A Physiology-Driven Computational Model for Post-Cardiac Arrest Outcome Prediction

Kim, Han B., Nguyen, Hieu, Jin, Qingchu, Tamby, Sharmila, Romer, Tatiana Gelaf, Sung, Eric, Liu, Ran, Greenstein, Joseph, Suarez, Jose I., Storm, Christian, Winslow, Raimond, Stevens, Robert D.

arXiv.org Machine Learning 

Patients resuscitated from cardiac arrest (CA) face a high risk of neurological disability and death, however pragmatic methods are lacking for accurate and reliable prognostication. The aim of this study was to build computational models to predict post-CA outcome by leveraging high-dimensional patient data available early after admission to the intensive care unit (ICU). We hypothesized that model performance could be enhanced by integrating physiological time series (PTS) data and by training machine learning (ML) classifiers.
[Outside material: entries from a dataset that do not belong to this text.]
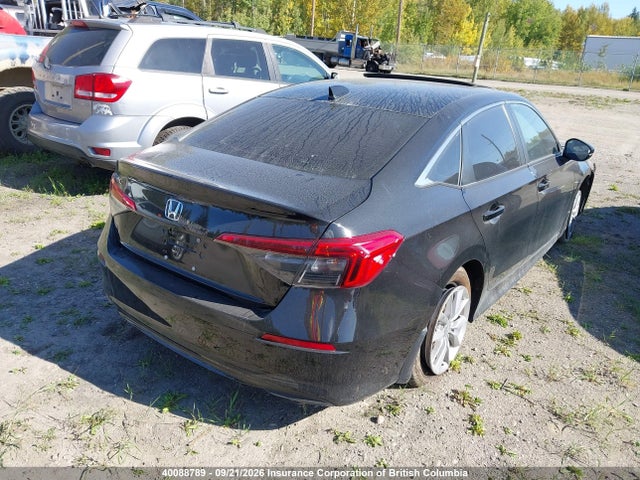 Honda CIVIC EX 2024 2HGFE2F35RH109718 Image 4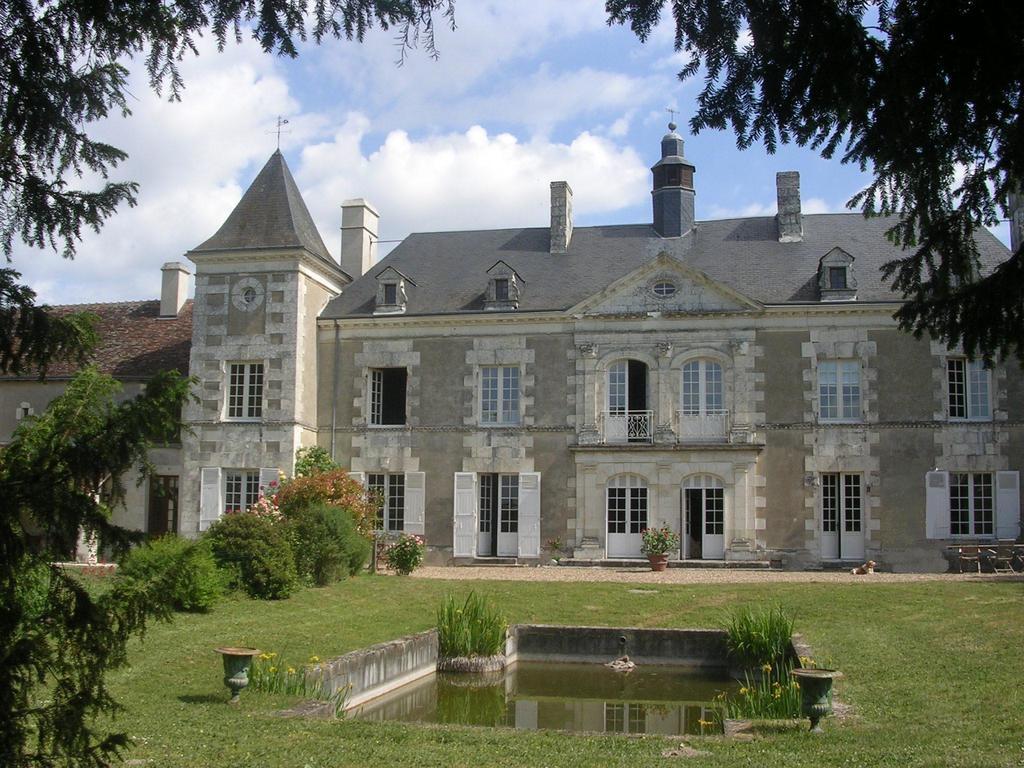 Chateau De La Noblaye Bed & Breakfast Lemere ภายนอก รูปภาพ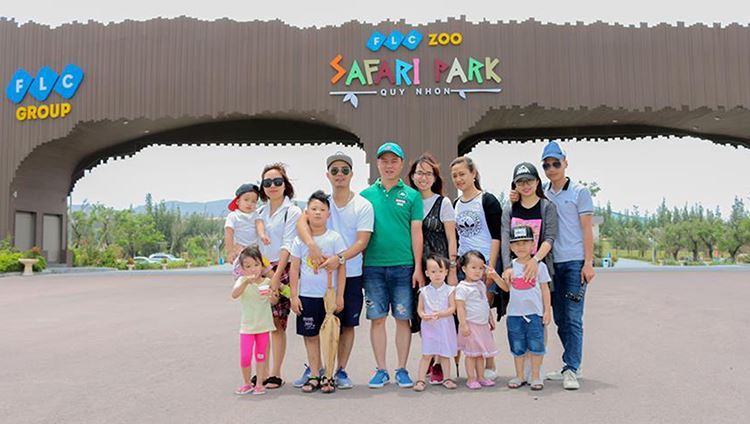Vé FLC Zoo Safari Park Quy Nhơn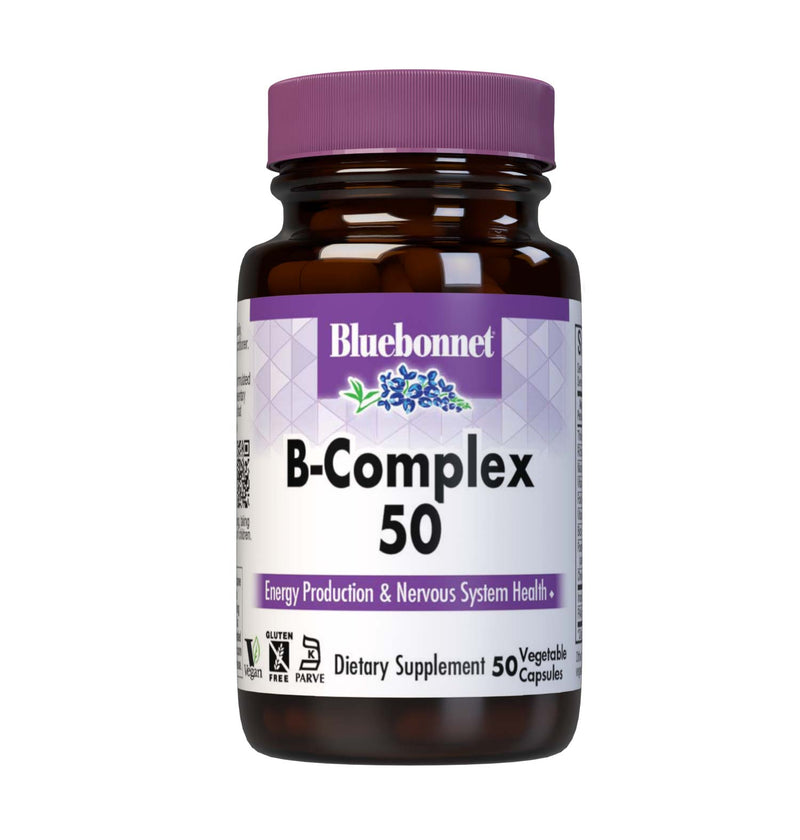 Bluebonnet Nutrition B-COMPLEX 50
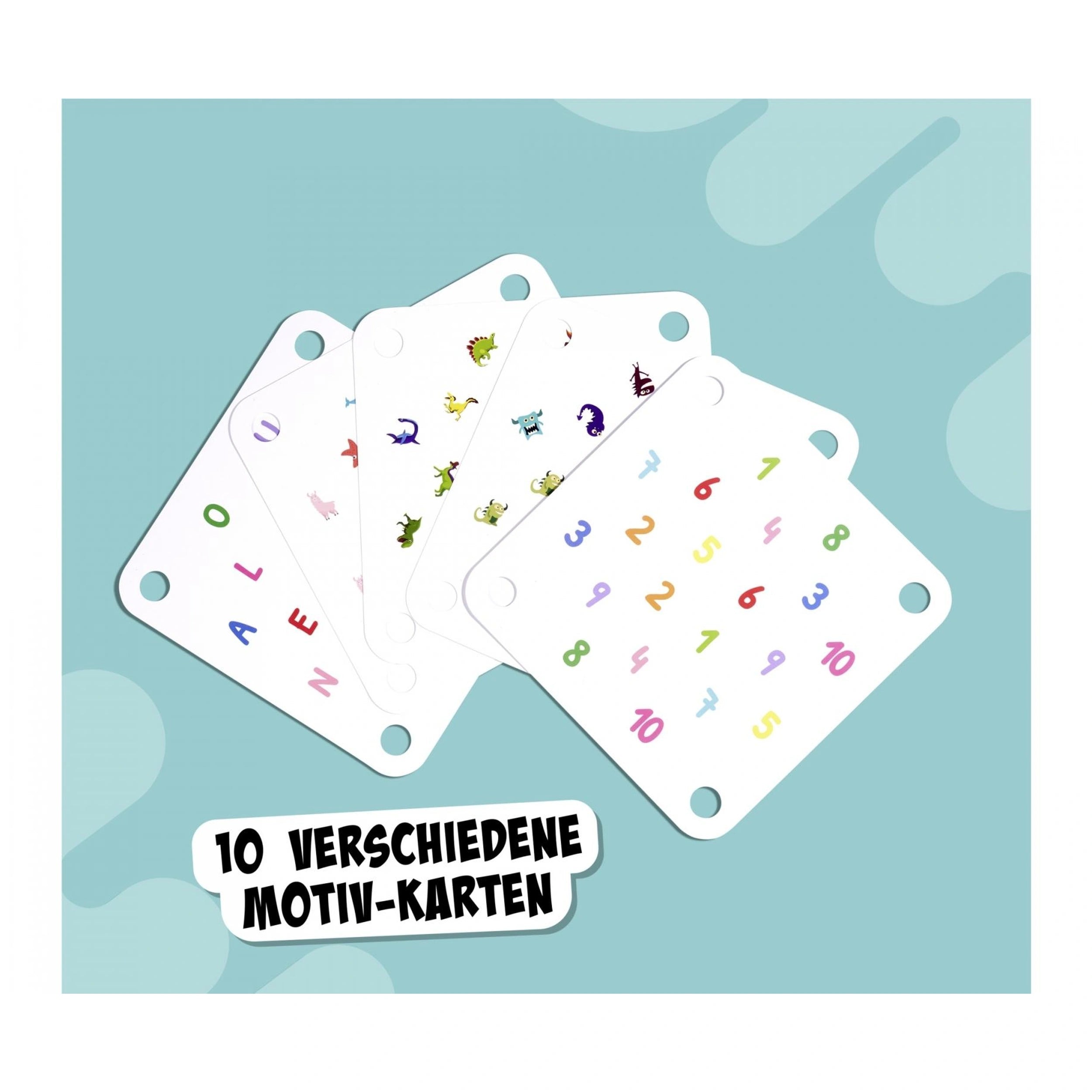 Noris - Mon Jeu de Mémoire Frog - Jeux de Société - Édition Internationale - Jeux de Société
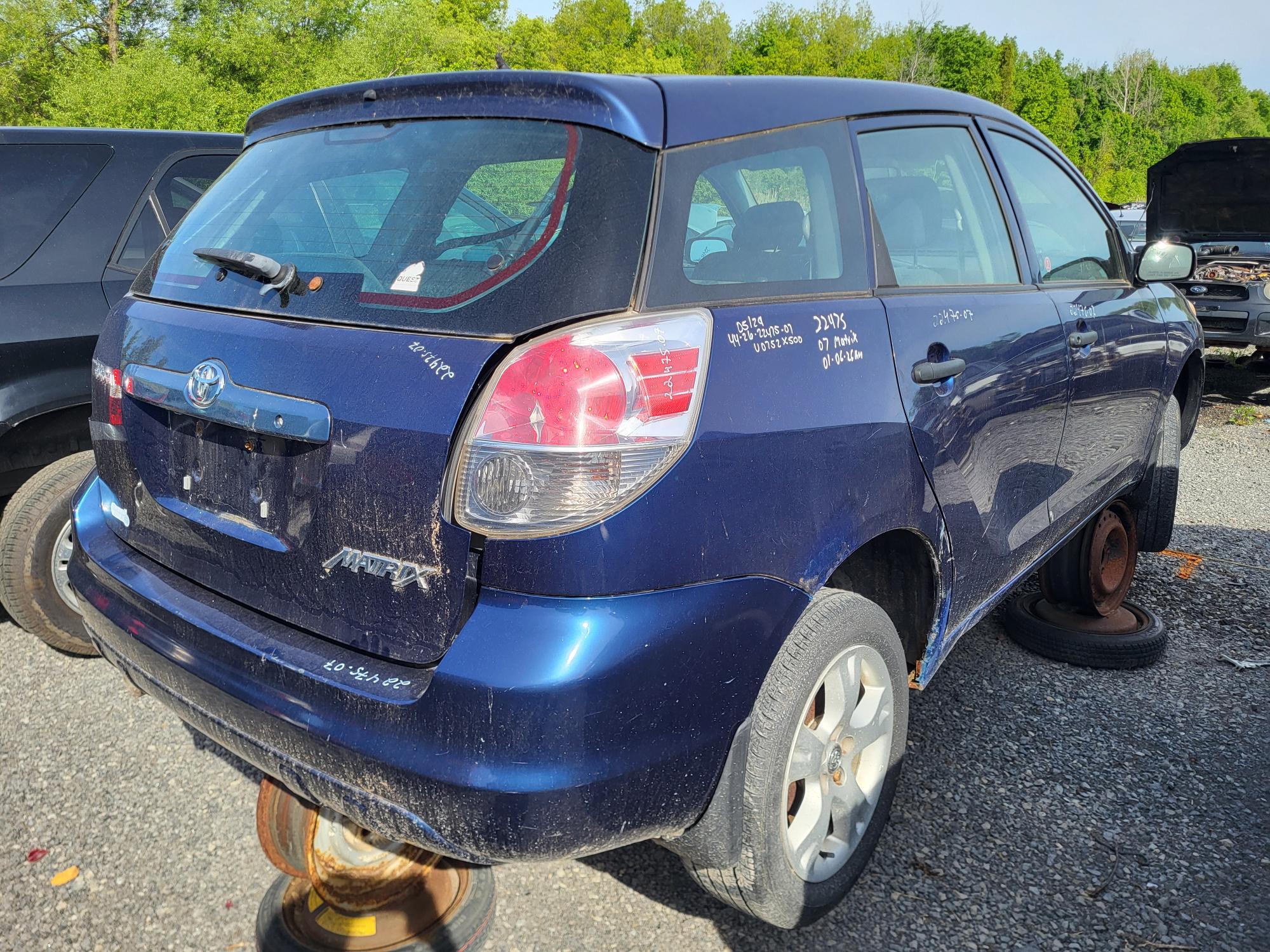 TOYOTA MATRIX 2007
We compared three models integrating features extracted from the electronic health records (EHR) alone, features derived from PTS collected in the first 24hrs after ICU admission (PTS24), and models integrating PTS24 and EHR. Outcomes of interest were survival and neurological outcome at ICU discharge. Combined EHR-PTS24 models had higher discrimination (area under the receiver operating characteristic curve [AUC]) than models which used either EHR or PTS24 alone, for the prediction of survival (AUC 0.85, 0.80 and 0.68 respectively) and neurological outcome (0.87, 0.83 and 0.78). The best ML classifier achieved higher discrimination than the reference logistic regression model (APACHE III) for survival (AUC 0.85 vs 0.70) and neurological outcome prediction (AUC 0.87 vs 0.75). Feature analysis revealed previously unknown factors to be associated with post-CA recovery. Results attest to the effectiveness of ML models for post-CA predictive modeling and suggest that PTS recorded in very early phase after resuscitation encode short-term outcome probabilities.